Besides several convention and auditorium halls, the largest one seating 2,200, the complex includes exhibition spaces, a hotel, restaurants, underground parking, and all other services required to complete a total floor program of 60,000 m2.
The instruments used to shape our proposal were based on the measurement of the historical city, adopting elements and relationships that remained perfectly legible on the edge of the sea and on the map of the city.
The design result had to be in coherence with the geometry of the site and the complexity of the program. The convention center would have to come across as a building formalized in city terms, and in continuity with the sea promenade.The first concern led us to use the urban geometry of Palma’s old town. The broken and incisive geometry of the old walls was a useful instrument; transferred to the floor plan of the new building, it allowed organizing the uses in differentiated zones—congresses, auditoriums, exhibitions, hotel—without detriment to the unity of the complex.

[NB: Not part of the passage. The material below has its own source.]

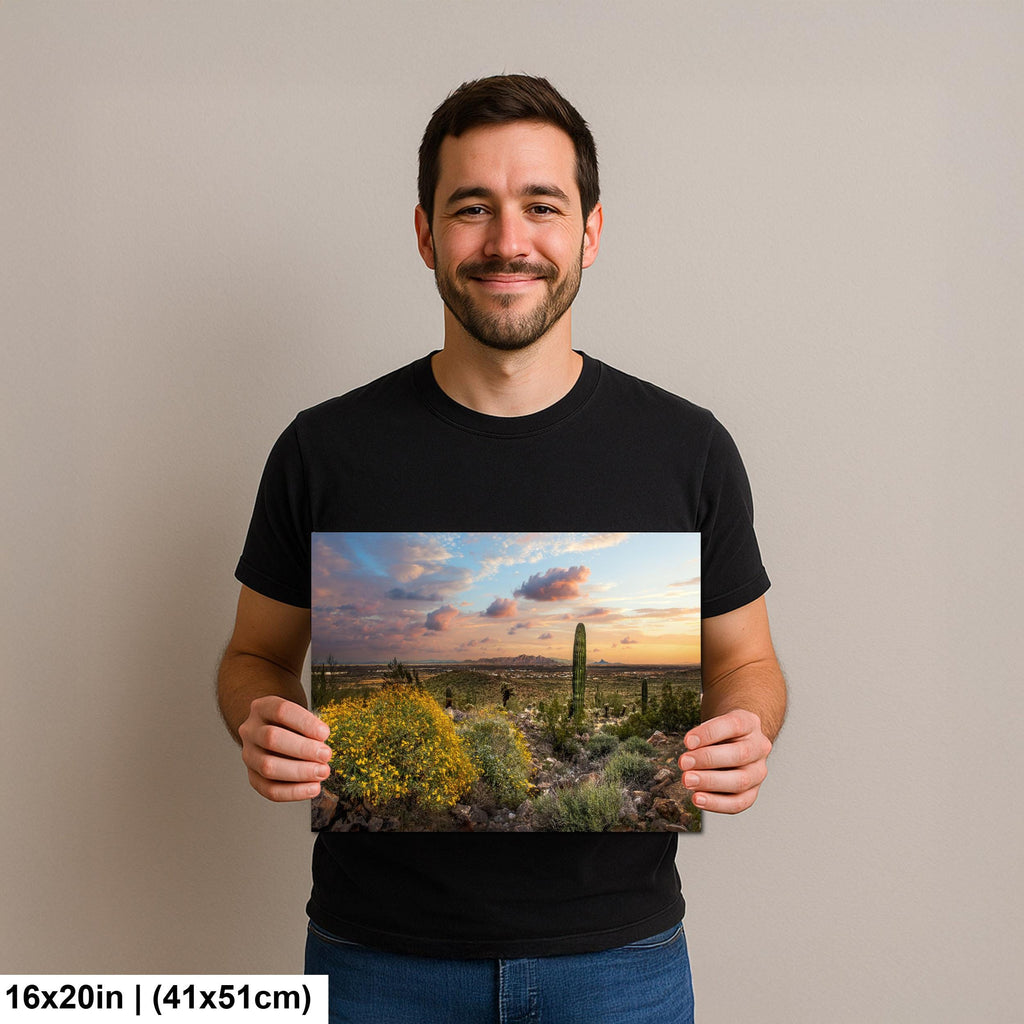 Arizona Sunset Overlook with Saguaros and Wildflowers - Casa Grande Sonoran Desert Photography Print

To face the sea is to face south. This idea is combined with that of making the building itself part of the sea promenade, through a single decision: face the sea through a thick facade—a 6-meter-thick space. A facade that frames views from inside, but also acts as a huge brise-soleil regulating the sunlight in the interior. Also it contains the escalators and connects the building’s various levels and uses.
The idea of the building as a continuation of the promenade is complemented by a high degree of permeability, at ground level, between interior and exterior, with intermediate spaces protected.
In structural terms, there is a complete correspondence between the formal and the structural configuration. The auditorium volumes are built with perimetral concrete walls, as are the two longitudinal walls that define the thick north facade. These walls are structural, as is the south facade, executed with a large metal structure ‘vierendeel’ that, besides forming the huge lattice facing south. So we used a mixed concrete-iron structure.
As for its material makeup, the building uses local stone, marés. This stone covers not only all the facades and the roof, but also the ground floor of the south facade. On these volumes of the ground floor in stone rests the huge south structure, executed with shipbuilding techniques and clad with aluminum foam. An enormous facade-mirador and promenade sits on the rocky materiality of Mallorca. From afar, when the sun shines upon it, the aluminum foam recalls reflections of fish scales, and thus the sea.